◆ **Problem statement**
Please print the line that holds "Scarlet macaw, Morgan's Rock" and each line after it to the end of the data, word for word, without any pictures.

◆ **Data excerpt**
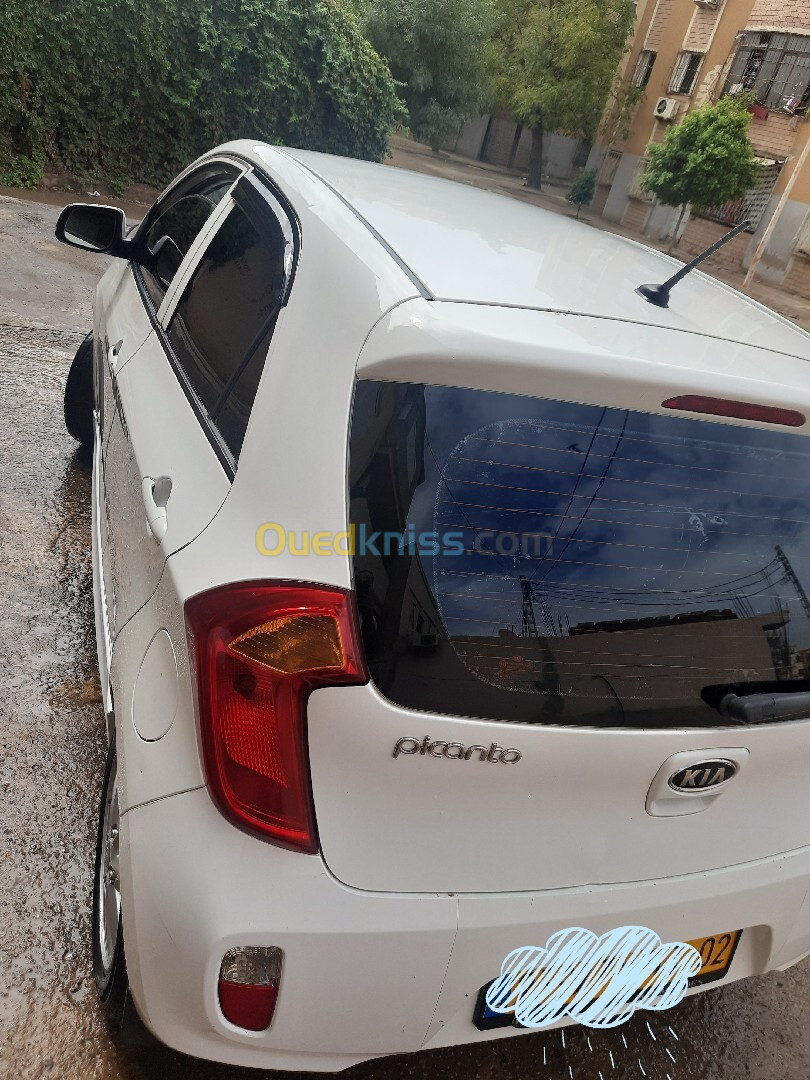 Kia Picanto 2013 بوب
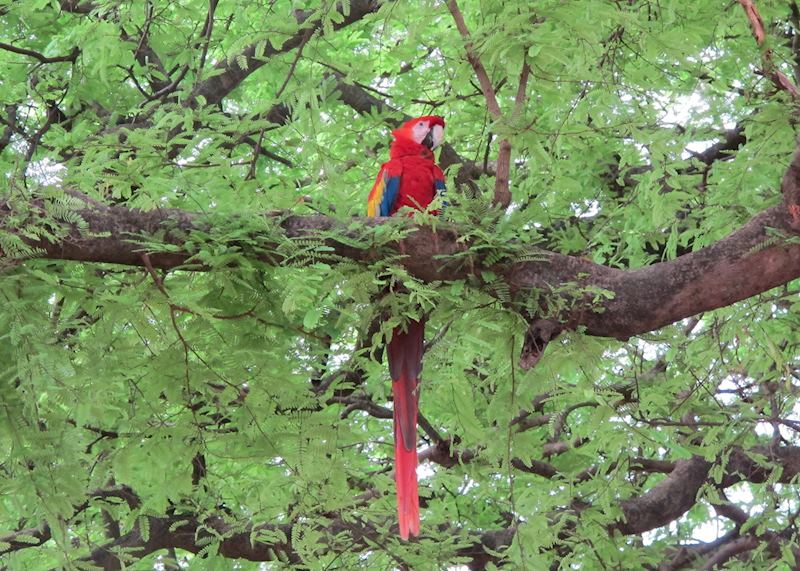 Scarlet macaw, Morgan's Rock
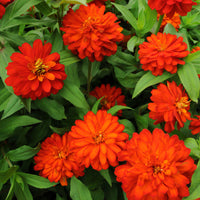 Zinnia Zahara Double Fire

◆ **Completed task**
 Scarlet macaw, Morgan's Rock
 Zinnia Zahara Double Fire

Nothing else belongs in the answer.